The Critical Role of Binary Analysis
If all we have is a binary, the only way to understand the risks it represents is to analyze it in the same way an attacker would. However, doing this at scale and making the analysis actionable is challenging. Recent advancements in machine learning and language development are key to addressing this challenge.
Currently, tools that operate on binaries alone fall into two categories. The first are solutions akin to 1990s antivirus programs – matching binaries to known issues. The second category helps skilled professionals reverse engineer the binary’s contents more quickly.

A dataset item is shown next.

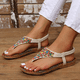 thumbnail image 1 of Sandalias bohemias de gran tamaño, zapatos de playa informales con cuentas a la moda de verano para mujer, zapatos de mujer de estilo romano, 1 of 4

Both categories have struggled to keep pace with the rapid changes in software over the past few decades. A new category of tools is emerging, led by companies like Binarly, which I advise. Binarly’s approach to automated binary analysis began with key goals such as achieving processor architecture independence and language independence. This enables the analysis of binaries across different architectures without duplicating threat intelligence and identifying insecure patterns stemming from ported code or common insecure Stack Overflow examples. Identifying static dependencies and which parts of them are used in a binary is both challenging and crucial for understanding the security issues that lie beneath the surface.
Their approach is remarkable in its ability to detect “known unknowns,” enabling the identification of classes of security vulnerabilities within a binary alone. Furthermore, through symbolic execution, they can perform reachability analysis, ensuring that flagged issues are not just theoretical but can potentially be exploited by attackers.
Though their approaches are not firmware-specific, Firmware is a great example of the problems that come from binary-only distributions and customers’ reliance on blind faith that their vendors are making the right security investments. It is their unique approach to binary analysis that has enabled them to file and report more CVEs in the last two years than have ever been reported before.
Binary analysis of this kind is crucial as it scrutinizes software in its final, executable form—the form in which attackers interact with it.
Conclusion
The lesson from the SolarWinds attack is clear: no build system-based approach to articulate dependencies is entirely secure. Ken Thompson’s 1984 assertion about the limitations of trusting any code you didn’t produce yourself remains relevant. In a world where software vulnerabilities have extensive and far-reaching impacts, binary analysis is indispensable. Binarly’s approach represents a paradigm shift in how we secure software, offering a more robust and comprehensive solution in our increasingly connected world.